*Your goal*: With the line that contains "K&ouml;nnte beinhalten: Ein" as the final line, return every line from the start of the data below exactly.

*Data extracts*:

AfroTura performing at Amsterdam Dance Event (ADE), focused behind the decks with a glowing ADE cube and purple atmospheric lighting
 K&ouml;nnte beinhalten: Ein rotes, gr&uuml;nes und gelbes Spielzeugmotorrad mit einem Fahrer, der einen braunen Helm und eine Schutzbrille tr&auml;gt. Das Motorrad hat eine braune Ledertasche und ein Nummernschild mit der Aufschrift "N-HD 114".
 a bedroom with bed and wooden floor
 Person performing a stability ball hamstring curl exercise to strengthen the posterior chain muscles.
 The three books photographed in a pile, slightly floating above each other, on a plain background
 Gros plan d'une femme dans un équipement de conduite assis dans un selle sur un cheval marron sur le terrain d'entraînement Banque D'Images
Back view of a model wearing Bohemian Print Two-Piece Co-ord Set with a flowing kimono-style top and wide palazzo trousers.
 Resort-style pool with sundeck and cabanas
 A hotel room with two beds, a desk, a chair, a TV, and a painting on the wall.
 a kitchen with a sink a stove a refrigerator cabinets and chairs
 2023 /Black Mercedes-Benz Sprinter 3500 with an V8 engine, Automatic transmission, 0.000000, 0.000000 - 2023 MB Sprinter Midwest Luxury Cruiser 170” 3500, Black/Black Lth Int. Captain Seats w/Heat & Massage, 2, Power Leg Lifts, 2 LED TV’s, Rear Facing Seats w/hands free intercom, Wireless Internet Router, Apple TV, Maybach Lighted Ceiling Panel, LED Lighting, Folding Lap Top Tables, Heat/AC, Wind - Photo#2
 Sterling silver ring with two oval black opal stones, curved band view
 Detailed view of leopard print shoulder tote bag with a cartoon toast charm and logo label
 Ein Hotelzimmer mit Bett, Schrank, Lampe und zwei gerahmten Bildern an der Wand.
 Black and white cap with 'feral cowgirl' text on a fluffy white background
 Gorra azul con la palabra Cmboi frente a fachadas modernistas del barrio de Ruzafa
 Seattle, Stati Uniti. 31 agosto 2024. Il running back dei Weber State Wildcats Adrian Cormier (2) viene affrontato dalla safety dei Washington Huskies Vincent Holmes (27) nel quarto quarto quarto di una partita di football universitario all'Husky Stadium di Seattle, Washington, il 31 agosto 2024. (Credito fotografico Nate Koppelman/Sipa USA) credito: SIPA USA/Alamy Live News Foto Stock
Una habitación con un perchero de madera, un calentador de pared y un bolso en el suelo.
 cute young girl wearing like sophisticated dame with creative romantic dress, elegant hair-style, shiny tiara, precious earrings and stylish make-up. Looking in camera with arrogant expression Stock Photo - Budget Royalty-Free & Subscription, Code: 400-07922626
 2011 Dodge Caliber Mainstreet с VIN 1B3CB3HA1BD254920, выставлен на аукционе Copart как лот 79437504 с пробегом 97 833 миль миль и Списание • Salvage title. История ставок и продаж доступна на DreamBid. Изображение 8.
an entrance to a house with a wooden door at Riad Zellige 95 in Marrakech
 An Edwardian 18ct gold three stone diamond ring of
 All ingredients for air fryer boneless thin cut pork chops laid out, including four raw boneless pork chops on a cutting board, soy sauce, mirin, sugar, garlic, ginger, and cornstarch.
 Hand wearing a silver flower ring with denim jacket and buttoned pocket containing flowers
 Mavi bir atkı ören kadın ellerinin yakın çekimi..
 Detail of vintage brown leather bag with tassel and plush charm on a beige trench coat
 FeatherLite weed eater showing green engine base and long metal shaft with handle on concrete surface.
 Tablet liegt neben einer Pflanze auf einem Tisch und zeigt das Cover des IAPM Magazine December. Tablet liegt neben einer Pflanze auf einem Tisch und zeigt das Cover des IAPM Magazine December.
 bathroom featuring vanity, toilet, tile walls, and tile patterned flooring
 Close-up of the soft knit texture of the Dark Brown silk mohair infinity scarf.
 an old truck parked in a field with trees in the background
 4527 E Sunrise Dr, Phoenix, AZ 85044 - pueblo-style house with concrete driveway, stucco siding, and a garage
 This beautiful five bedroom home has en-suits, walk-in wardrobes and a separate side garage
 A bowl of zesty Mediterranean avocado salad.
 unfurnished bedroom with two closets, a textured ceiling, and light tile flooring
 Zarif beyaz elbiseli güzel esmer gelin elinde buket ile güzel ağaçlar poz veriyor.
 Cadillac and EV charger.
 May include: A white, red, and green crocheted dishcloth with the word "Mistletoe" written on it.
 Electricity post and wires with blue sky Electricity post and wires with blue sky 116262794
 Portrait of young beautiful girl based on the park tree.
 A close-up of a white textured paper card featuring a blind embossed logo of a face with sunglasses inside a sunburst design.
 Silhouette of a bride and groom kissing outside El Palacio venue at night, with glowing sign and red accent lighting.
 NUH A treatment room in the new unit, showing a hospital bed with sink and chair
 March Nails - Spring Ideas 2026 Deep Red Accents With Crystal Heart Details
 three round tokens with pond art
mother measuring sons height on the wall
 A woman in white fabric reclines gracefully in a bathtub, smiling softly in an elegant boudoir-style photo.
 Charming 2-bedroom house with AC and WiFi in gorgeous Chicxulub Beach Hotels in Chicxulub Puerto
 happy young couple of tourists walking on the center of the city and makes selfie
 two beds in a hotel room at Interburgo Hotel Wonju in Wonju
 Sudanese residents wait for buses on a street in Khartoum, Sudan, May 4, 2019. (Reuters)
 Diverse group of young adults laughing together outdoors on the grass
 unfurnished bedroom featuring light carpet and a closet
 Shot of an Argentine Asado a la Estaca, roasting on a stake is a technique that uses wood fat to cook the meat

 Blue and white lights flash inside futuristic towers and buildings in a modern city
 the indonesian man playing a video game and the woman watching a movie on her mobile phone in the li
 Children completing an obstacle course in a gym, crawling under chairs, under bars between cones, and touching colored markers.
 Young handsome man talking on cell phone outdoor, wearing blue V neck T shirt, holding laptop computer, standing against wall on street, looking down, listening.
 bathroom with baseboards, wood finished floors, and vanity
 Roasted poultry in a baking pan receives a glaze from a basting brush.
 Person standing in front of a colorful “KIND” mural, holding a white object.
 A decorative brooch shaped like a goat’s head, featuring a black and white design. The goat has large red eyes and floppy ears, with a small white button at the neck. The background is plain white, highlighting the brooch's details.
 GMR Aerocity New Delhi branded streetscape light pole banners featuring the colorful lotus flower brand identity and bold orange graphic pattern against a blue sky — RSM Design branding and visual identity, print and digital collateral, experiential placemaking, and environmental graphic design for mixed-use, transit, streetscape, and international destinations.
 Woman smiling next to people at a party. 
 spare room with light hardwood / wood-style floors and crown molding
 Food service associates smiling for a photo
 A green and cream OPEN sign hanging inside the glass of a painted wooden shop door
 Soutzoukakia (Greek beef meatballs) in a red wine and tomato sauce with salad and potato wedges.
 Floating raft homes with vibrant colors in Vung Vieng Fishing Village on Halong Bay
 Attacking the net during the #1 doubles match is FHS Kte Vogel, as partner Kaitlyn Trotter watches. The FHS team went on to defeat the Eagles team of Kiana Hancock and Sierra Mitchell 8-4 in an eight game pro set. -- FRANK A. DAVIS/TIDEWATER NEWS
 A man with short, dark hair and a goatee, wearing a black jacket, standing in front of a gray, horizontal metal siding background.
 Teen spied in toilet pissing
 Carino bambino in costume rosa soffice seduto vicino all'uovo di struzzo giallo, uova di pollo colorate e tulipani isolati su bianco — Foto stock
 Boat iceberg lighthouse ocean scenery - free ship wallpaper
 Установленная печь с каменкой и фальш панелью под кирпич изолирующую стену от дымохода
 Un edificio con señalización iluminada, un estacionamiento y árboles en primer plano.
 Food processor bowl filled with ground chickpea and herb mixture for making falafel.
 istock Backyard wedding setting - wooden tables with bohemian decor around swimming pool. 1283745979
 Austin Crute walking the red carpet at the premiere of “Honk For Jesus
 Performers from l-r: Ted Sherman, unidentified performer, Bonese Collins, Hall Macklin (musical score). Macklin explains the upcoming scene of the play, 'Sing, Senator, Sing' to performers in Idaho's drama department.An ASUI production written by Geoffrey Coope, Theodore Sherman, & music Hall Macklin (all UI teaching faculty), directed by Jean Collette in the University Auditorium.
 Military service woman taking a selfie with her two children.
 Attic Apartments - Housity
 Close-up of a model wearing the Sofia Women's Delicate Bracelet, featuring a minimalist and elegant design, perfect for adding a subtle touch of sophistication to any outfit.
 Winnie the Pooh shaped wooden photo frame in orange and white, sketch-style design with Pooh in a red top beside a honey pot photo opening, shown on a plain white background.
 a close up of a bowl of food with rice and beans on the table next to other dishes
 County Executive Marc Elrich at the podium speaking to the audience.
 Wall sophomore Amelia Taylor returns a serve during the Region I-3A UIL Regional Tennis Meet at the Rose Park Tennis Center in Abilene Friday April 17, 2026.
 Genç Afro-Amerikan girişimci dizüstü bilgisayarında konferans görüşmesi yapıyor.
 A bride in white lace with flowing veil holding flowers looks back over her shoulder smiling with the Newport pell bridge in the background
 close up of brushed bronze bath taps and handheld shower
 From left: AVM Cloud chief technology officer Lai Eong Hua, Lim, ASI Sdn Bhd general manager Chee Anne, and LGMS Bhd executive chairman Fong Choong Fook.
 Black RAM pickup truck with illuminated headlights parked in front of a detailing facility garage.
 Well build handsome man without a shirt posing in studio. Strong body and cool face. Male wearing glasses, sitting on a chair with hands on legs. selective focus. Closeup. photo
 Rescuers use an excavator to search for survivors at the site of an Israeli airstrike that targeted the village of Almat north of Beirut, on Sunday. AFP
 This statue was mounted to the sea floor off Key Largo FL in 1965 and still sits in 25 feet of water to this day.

*Output below*:
AfroTura performing at Amsterdam Dance Event (ADE), focused behind the decks with a glowing ADE cube and purple atmospheric lighting
 K&ouml;nnte beinhalten: Ein rotes, gr&uuml;nes und gelbes Spielzeugmotorrad mit einem Fahrer, der einen braunen Helm und eine Schutzbrille tr&auml;gt. Das Motorrad hat eine braune Ledertasche und ein Nummernschild mit der Aufschrift "N-HD 114".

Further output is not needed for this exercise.